# What you will do
Starting at the line that holds "So now we have" and stopping at the line that holds "So I'm going", restate the records below word for word, with both of those lines included.

# Data for review
____

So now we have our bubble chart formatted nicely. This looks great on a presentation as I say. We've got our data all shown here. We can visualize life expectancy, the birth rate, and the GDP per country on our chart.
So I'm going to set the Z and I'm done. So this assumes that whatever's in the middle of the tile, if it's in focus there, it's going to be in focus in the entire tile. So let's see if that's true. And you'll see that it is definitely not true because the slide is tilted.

____

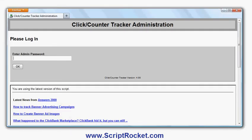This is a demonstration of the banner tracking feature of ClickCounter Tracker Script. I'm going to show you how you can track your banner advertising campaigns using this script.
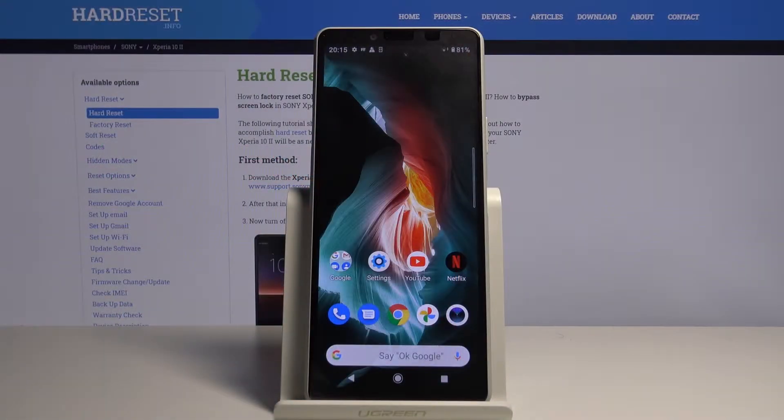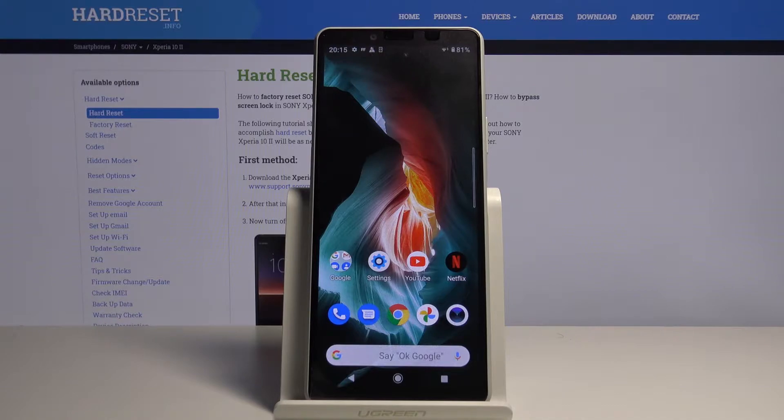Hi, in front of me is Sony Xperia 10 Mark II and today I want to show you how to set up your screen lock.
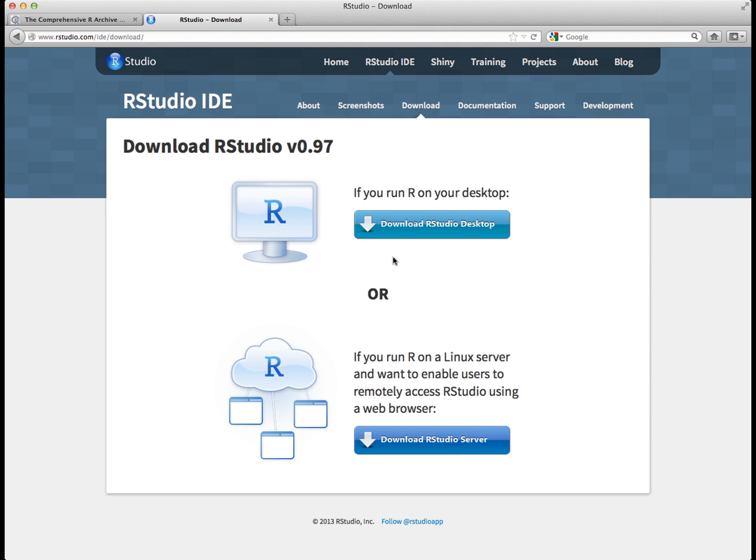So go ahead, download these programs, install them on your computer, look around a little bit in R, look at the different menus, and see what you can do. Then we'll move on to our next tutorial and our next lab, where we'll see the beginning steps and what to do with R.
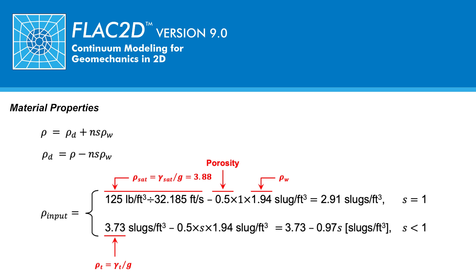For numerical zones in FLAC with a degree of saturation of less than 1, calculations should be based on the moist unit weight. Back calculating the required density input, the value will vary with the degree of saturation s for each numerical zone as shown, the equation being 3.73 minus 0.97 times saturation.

____

# Problem solution
So now we have our bubble chart formatted nicely. This looks great on a presentation as I say. We've got our data all shown here. We can visualize life expectancy, the birth rate, and the GDP per country on our chart.
So I'm going to set the Z and I'm done. So this assumes that whatever's in the middle of the tile, if it's in focus there, it's going to be in focus in the entire tile. So let's see if that's true. And you'll see that it is definitely not true because the slide is tilted.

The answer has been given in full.